I have a question about my weird phenomenon.
My program launch about 2 millon threads and it works well.
But after just changed the my motherboard, my program can’t launch well.
sometimes occur launch time out error, sometimes occur unspecific error.
I don’t understand and I don’t know how to handle this problem.
With such a vague description it is impossible to give any sort of firm diagnosis. The motherboard itself is unlikely to be at fault, it is more likely that it has something to do with disassembling and re-assembling your system when changing the motherboard. Things to check:
(1) Are all power connectors to the GPU plugged in (depending on the GPU, this may be a 6-pin connector, an 8-pin connector, or both a 6-pin and an 8-pin connector)?
(2) Is the GPU firmly seated in the PCIe slot, and its bracket secured by fastening to the case (this may be use a screw, or a latching bar, or some other mechanism) ?
(3) Is the GPU plugged into the correct PCIe slot (you would want a x16 slot, there may also be x4 slots)?
for me it looks like it’s not slower, but failing. i suggest you to enumerate ALL the things that were changed. from my own experience, when adding new HDDs to the system, i switched GPU to another PCI-E cable from PSU. and the second cable wasn’t capable to deliver 75W as it should, so i had trooubles until i’ve changed it back
From the description the most likely cause here is insufficient power supply to the GPU, causing clock throttling, causing slow operation that makes kernel time out. That’s why I listed checking the GPU power connectors as the first item.
Thanks for all suggestion.
I totally agree with your suggestions. I think it was problem with power supplier.
It was not power supplier problem.
when I changed the WDDM TDR enabled option to False in the Nsight option menu.
defalut value is true and WDDM will reset the driver if the GPU is not give some response over than 2 seconds.
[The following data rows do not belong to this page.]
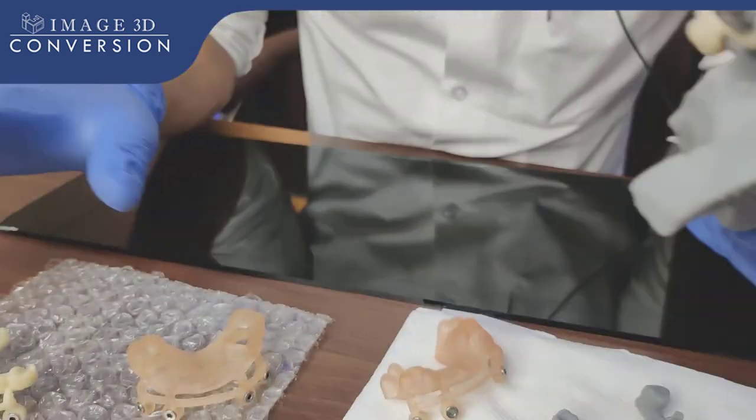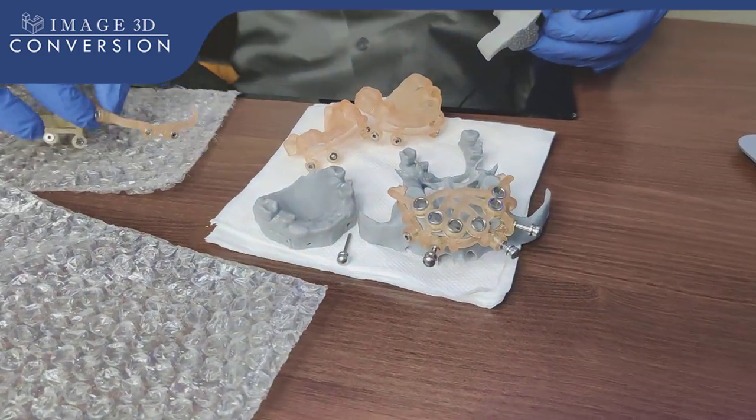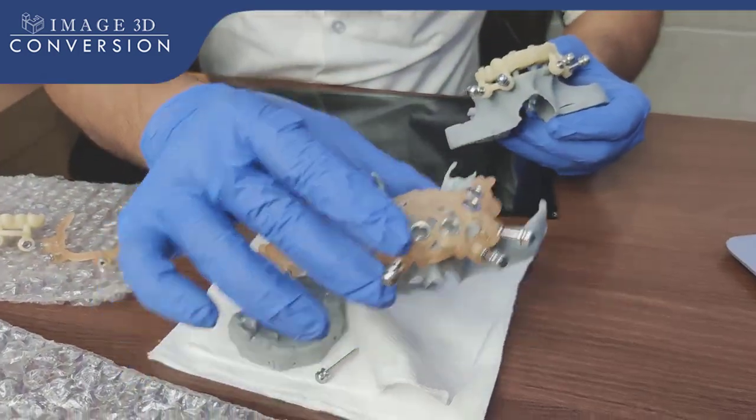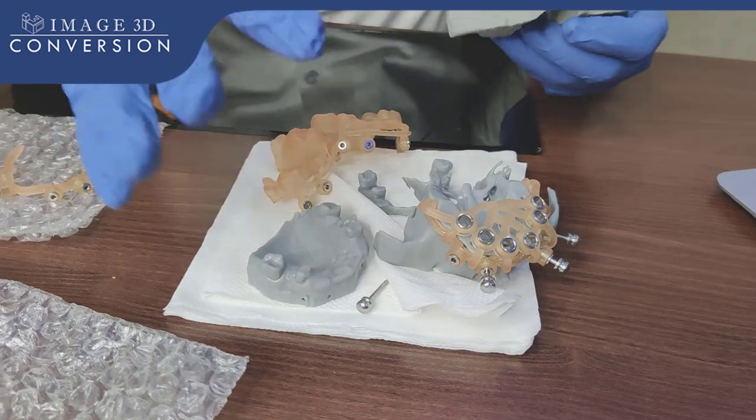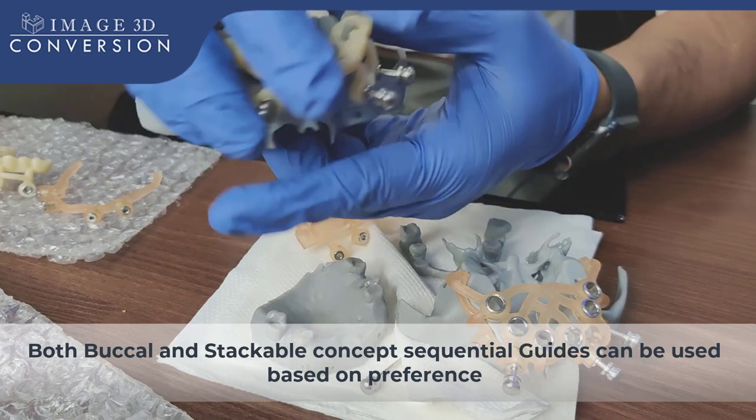You can see all the guides: the tooth-supported surgical guide, one is bone reduction guide, then one is osteotomy guide. Once you are done with implant placement, take the pickup with the temporary pickup holes with the same indexing positions.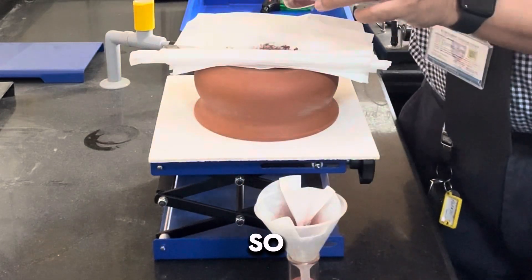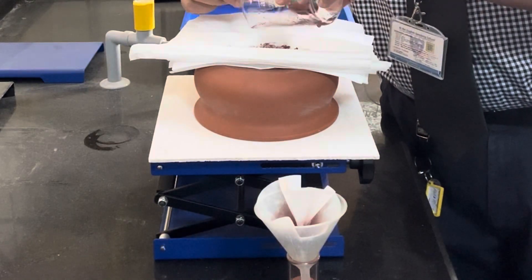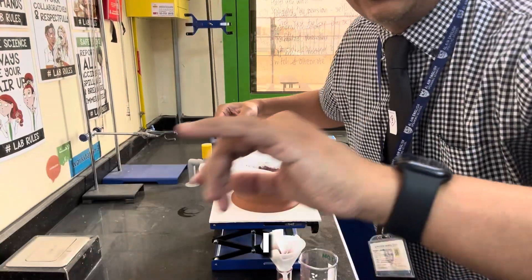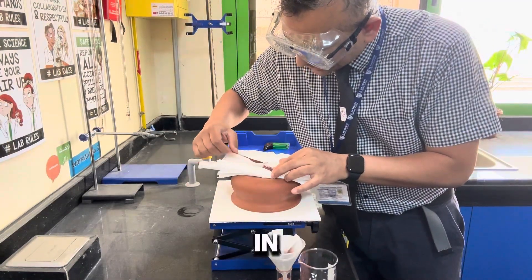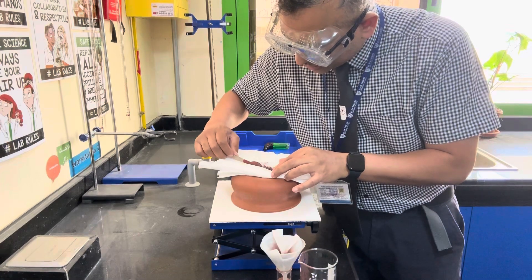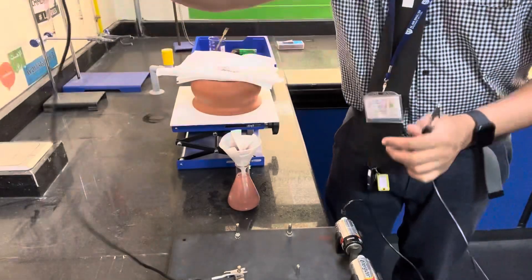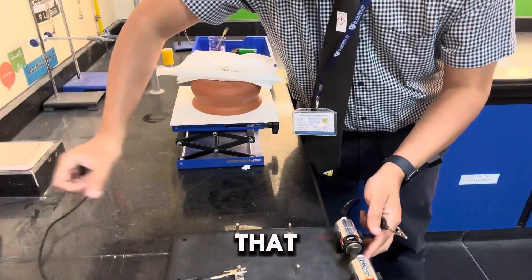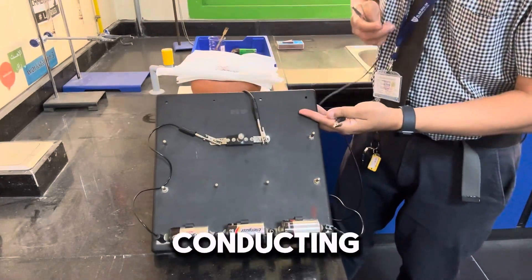I've just rinsed off the acid, so the only thing that is left over is this powder. I have to do this really, really carefully now, because what I want to do is get it in a line. We're going to see if my light bulb lights up, and if it lights up, that means that I have a conducting material.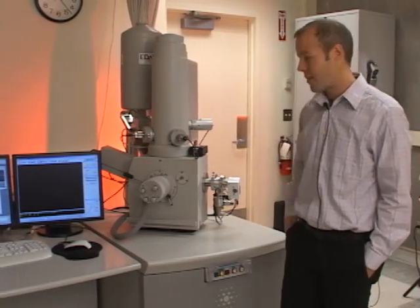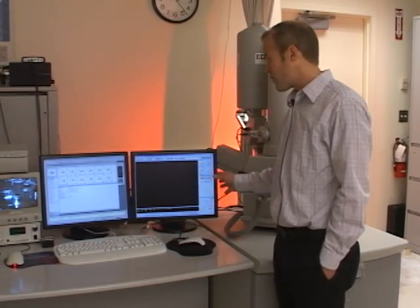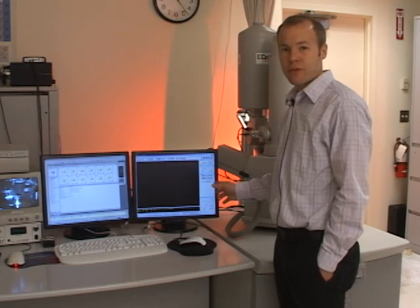To operate the microscope, there are two pieces of software, both run from the same CPU, open on two different monitors. On the right-hand monitor is a program called Microscope Control, used for all adjustments on the microscope. On the left-hand monitor is a database called Scandium, which we use to store images before exporting them.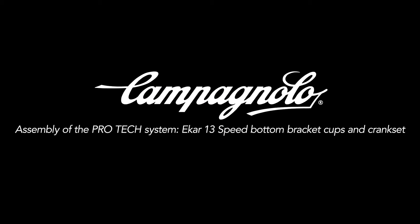Campagnolo, assembly of the PROTEC system, ECCA 13-speed bottom bracket cups and crankset.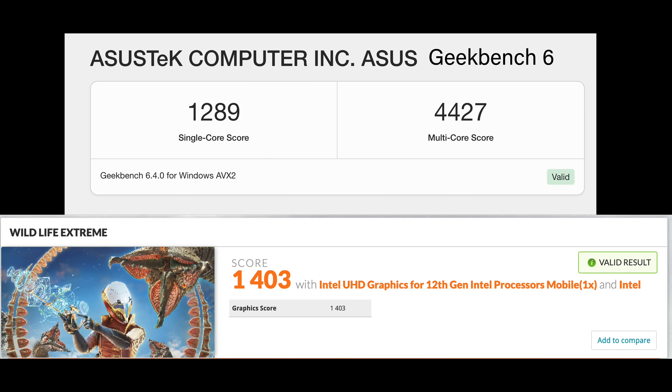I ran two quick benchmarks. Geekbench 6 came in with a single-core score of 1,289 and a multi-core score of 4,427. Not horrible, but it's not going to win any benchmark awards, especially when it comes to the iGPU. Wildlife Extreme came in with a 1,403.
My work have consumed about 3 seconds so it was out.
While WDDM TDR can definitely be an issue for long-running kernels, it doesn’t explain why the behavior changed after you swapped the motherboard (the WDDM watch dog timer was in effect before and after). My hypothesis was that your GPU is throttling, thus operating more slowly than before, as a consequence hitting the watch dog timer limit. Throttling can be caused by insufficient power supply or overheating.
I had checked the voltage and temperature. but it was not looks like weired. and I changed the HDDs and re-install OS and CUDA toolkit. so my configuration values was initialized.
I think problem was come from that option value. by the way, I appreciate to your suggestion.